Dataset extract
---
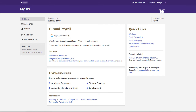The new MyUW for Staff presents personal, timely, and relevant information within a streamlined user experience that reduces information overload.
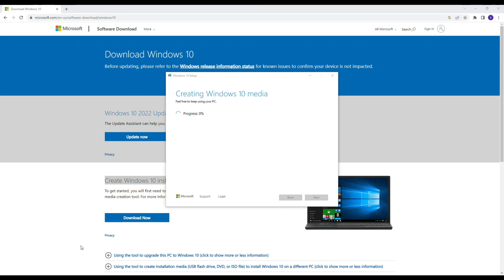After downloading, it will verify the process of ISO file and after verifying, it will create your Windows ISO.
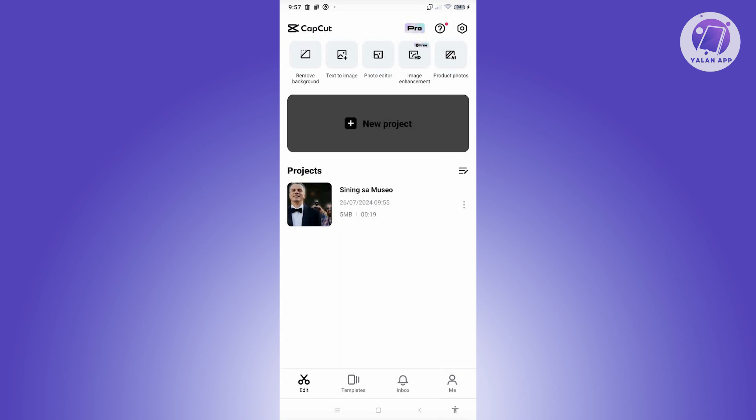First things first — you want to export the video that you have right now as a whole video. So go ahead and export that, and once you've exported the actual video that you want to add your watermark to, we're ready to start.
---
How to complete this task
When copying the listing above, begin at its first line and stop after the line with "After downloading, it", keeping each line exact and dropping the pictures.

Solution
The new MyUW for Staff presents personal, timely, and relevant information within a streamlined user experience that reduces information overload.
After downloading, it will verify the process of ISO file and after verifying, it will create your Windows ISO.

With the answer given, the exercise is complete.